Scraped caption text data:
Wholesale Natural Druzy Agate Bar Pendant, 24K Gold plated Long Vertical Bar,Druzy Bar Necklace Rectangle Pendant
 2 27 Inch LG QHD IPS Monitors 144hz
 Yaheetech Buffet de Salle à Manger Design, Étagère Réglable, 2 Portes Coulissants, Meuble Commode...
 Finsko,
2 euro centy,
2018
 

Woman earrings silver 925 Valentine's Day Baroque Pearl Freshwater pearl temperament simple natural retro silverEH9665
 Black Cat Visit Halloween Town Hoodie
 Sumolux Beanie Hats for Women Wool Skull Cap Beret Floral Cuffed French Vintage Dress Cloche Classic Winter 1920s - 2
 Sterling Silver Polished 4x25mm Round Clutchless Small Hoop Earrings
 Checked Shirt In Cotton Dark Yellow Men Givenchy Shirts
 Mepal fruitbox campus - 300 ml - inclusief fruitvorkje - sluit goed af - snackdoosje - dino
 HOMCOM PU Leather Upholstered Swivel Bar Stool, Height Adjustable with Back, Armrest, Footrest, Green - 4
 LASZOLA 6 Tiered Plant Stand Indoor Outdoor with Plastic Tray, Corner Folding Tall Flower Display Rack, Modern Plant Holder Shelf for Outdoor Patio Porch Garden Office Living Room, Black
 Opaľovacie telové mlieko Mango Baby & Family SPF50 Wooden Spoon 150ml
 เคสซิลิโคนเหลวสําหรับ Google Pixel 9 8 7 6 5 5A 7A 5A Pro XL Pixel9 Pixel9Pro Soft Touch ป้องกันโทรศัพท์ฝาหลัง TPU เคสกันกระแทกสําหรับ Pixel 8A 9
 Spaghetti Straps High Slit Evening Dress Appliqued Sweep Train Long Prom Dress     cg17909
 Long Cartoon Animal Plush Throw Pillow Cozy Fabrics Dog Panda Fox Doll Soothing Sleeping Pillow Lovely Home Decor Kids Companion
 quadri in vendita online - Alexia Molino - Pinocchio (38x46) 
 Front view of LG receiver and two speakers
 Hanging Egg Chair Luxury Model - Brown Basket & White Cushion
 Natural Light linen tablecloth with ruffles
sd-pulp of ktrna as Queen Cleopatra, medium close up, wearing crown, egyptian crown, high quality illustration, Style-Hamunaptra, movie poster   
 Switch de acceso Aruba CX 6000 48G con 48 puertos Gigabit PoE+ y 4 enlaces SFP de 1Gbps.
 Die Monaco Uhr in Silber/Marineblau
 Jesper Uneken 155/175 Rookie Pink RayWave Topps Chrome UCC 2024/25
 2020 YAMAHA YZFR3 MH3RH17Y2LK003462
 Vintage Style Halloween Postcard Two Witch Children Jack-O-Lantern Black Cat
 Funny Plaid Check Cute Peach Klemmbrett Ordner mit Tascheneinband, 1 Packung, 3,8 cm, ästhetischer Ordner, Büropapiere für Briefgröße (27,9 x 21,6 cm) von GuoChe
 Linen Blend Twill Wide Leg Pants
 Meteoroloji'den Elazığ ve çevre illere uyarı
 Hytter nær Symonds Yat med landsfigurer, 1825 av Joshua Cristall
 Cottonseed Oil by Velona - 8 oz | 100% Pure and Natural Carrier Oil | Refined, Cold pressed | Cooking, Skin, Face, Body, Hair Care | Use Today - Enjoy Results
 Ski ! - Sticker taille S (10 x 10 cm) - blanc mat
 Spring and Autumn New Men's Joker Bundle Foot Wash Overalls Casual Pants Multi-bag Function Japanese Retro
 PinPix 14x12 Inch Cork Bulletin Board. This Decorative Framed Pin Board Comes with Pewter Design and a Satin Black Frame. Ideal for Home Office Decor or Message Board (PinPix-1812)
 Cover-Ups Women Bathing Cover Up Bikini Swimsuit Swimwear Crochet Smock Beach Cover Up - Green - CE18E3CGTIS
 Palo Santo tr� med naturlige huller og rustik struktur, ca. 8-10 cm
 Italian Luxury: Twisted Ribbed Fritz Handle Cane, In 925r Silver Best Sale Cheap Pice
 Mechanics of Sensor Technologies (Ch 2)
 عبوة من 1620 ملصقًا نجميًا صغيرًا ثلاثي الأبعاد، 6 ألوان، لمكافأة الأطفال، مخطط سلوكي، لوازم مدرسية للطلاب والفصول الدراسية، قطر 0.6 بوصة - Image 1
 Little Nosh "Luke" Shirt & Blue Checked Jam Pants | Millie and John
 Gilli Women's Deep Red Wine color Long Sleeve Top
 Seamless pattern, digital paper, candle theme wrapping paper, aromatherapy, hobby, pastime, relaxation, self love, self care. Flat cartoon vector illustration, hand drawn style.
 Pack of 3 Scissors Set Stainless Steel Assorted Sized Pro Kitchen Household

Problem to work on:
Write out a verbatim copy of the data, beginning with its first line and ending with the line that contains "เคสซิลิโคนเหลวสําหรับ Google Pixel".

Task response:
Wholesale Natural Druzy Agate Bar Pendant, 24K Gold plated Long Vertical Bar,Druzy Bar Necklace Rectangle Pendant
 2 27 Inch LG QHD IPS Monitors 144hz
 Yaheetech Buffet de Salle à Manger Design, Étagère Réglable, 2 Portes Coulissants, Meuble Commode...
 Finsko,
2 euro centy,
2018
 

Woman earrings silver 925 Valentine's Day Baroque Pearl Freshwater pearl temperament simple natural retro silverEH9665
 Black Cat Visit Halloween Town Hoodie
 Sumolux Beanie Hats for Women Wool Skull Cap Beret Floral Cuffed French Vintage Dress Cloche Classic Winter 1920s - 2
 Sterling Silver Polished 4x25mm Round Clutchless Small Hoop Earrings
 Checked Shirt In Cotton Dark Yellow Men Givenchy Shirts
 Mepal fruitbox campus - 300 ml - inclusief fruitvorkje - sluit goed af - snackdoosje - dino
 HOMCOM PU Leather Upholstered Swivel Bar Stool, Height Adjustable with Back, Armrest, Footrest, Green - 4
 LASZOLA 6 Tiered Plant Stand Indoor Outdoor with Plastic Tray, Corner Folding Tall Flower Display Rack, Modern Plant Holder Shelf for Outdoor Patio Porch Garden Office Living Room, Black
 Opaľovacie telové mlieko Mango Baby & Family SPF50 Wooden Spoon 150ml
 เคสซิลิโคนเหลวสําหรับ Google Pixel 9 8 7 6 5 5A 7A 5A Pro XL Pixel9 Pixel9Pro Soft Touch ป้องกันโทรศัพท์ฝาหลัง TPU เคสกันกระแทกสําหรับ Pixel 8A 9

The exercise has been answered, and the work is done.